The Irish Premier League will play out the final chapter in what has been a fascinating title race next Saturday, with Glentoran and Linfield maintaining hopes of claiming the top spot ahead of the final round of fixtures. Intriguingly, the Championship also appears destined to go to the wire, with a Suffolk Road encounter likely to determine whether or not Donegal Celtic or Portadown claim the automatic promotion spot and provide some clarity regarding whether or not a play-off fixture will need to take place.

However, the news that local bookmakers were reporting ‘unusual’ betting patterns ahead of this week’s games has caused a stir. A spokesperson for Toals claimed on Friday that there had been “very, very unusual” betting on a treble of victories for three teams in the Section B grouping of the Premier League, which had seen the odds slash from 16/1 to 4/1. All three teams proceeded to win their respective match on Saturday.

Meanwhile, Paddy Power bookmakers announced that they were suspending bets on matches not involving Linfield and Glentoran, though, importantly, a spokesperson added that this was not unusual and was common practice for fixtures in the lower divisions across the water at this stage of the season.
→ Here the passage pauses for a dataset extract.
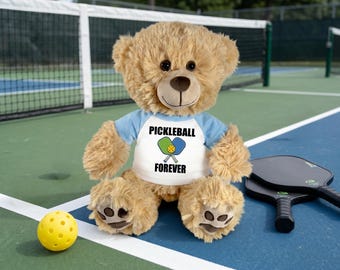Pickleball Teddy Bear - 14 inch Honey Bear - Paddle Design -  Personalized w/custom text on front & name on back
Of course, match-rigging is very difficult to prove, and the allegation can often be unfairly directed at individuals/ teams across any and every sport. In this case, the article concerned points out that end of season fixtures are notoriously difficult to predict for a variety of reasons: club managers can use the end of season fixtures to rest regular players and trial younger members of the squad, whilst some players may have their eye on Cup Finals and simply lack the motivation or desire to put their body on the line in a ‘meaningless’ game (as I’m reliably informed was clearly the case in the dreary north Belfast derby at Solitude yesterday.)
However, the IFA President, Raymond Kennedy, would appear to believe that this may not be a false alarm. Interviewed ahead of the fixtures, he claimed that the betting patterns suggest “there must be something going on” before suggesting that the Association could “take the line that teams can be told before kick-off tomorrow that we are aware of the situation and just to be watching their step.”